ENH add option for dummying all columns with NA #44

elsander · 2019-02-05T21:34:45Z

This PR adds new options to DataFrameETL through the dummy_na parameter. The old behavior was (with default True):

dummy_na=True: create a NaN column for all categorically expanded columns
dummy_na=False: do not create any NaN indicator columns

Users may want NaN indicator columns for any columns with missing data, not just categorical columns. The new behavior is (with default 'all'):

dummy_na=False and dummy_na=None: do not create any NaN indicator columns
dummy_na='expanded': matches the True behavior in the previous version
dummy_na='all': create a NaN column for all columns with missing data

Note that some columns which get a NaN indicator when dummy_na='expanded' may not get an indicator when dummy_na='all' (that is, columns which are expanded, but don't have missing data). I'm concerned this may be confusing for users, but it seems more confusing to have an option which creates indicators for all expanded columns, but only for unexpanded columns with missing data. Creating an indicator for all columns regardless of missing data seems quite memory inefficient, and I wanted to keep an option that preserved backwards compatibility. I'm open to suggestions if this seems too confusing for users.

…errors every time

.travis.yml

stephen-hoover

Overall looks good. Methodologically, it doesn't seem helpful to add an indicator column where there's no nulls, does it? A column of pure 0s doesn't add any information. If there's a missing value at prediction time in a column where there were no missing values at training time, an indicator column would probably just add noise.
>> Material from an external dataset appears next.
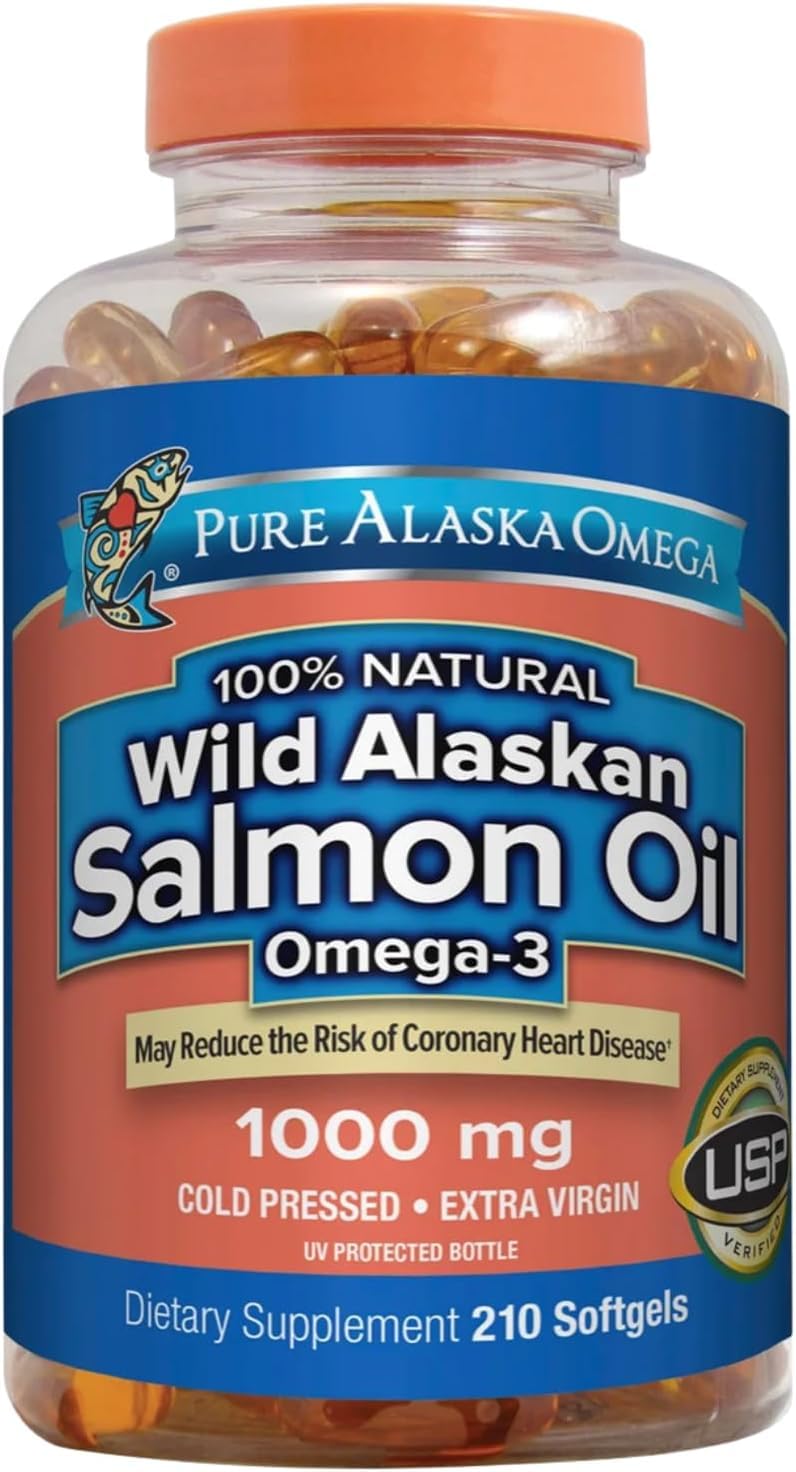 Omega-3 Wild Alaskan Salmon Oil 1000mg Softgels, 210 Count J883071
stephen-hoover · 2019-02-12T20:01:44Z

civismlext/preprocessing.py

+        - 'all': add indicator columns for all columns with missing values
+          in fit data
+        - 'expanded': add indicator columns for all categorically expanded
+          columns (matches `True` behavior from version 1)


Suggested change

columns (matches `True` behavior from version 1)

columns (matches `True` behavior from version 0.1)

stephen-hoover · 2019-02-12T20:13:59Z

civismlext/preprocessing.py

@@ -273,6 +312,9 @@ def fit(self, X, y=None):
            self._check_sentinels(X)
            self.levels_ = self._create_levels(X)

+        # optionally flag unexpanded columns with nans
+        self.unexpanded_nans = self._flag_unexpanded_nans(X)


Since this is set during the fit, I think should it be self.unexpanded_nans_. (Or self._unexpanded_nans if you want to keep it as internal-only.)

stephen-hoover · 2019-02-12T20:21:41Z

civismlext/test/test_preprocessing.py

+
+
+def test_dummy_na_bad_value(data_raw):
+    with pytest.raises(ValueError):


It's worth checking that the ValueError is the expected one. Otherwise this might be hiding an unrelated ValueError.

stephen-hoover · 2019-02-12T20:29:03Z

civismlext/preprocessing.py

@@ -157,7 +183,7 @@ def _create_col_names(self, X):
        for col in unexpanded_cnames:
            if col in self._cols_to_expand:
                col_levels = self.levels_[col]
-                if self.dummy_na:
+                if self._dummy_na in ['expanded', 'all']:
                    # avoid exposing the sentinel to the user by replacing
                    # it with 'NaN'. If 'NaN' is already a level, use the
                    # sentinel to prevent column name duplicates.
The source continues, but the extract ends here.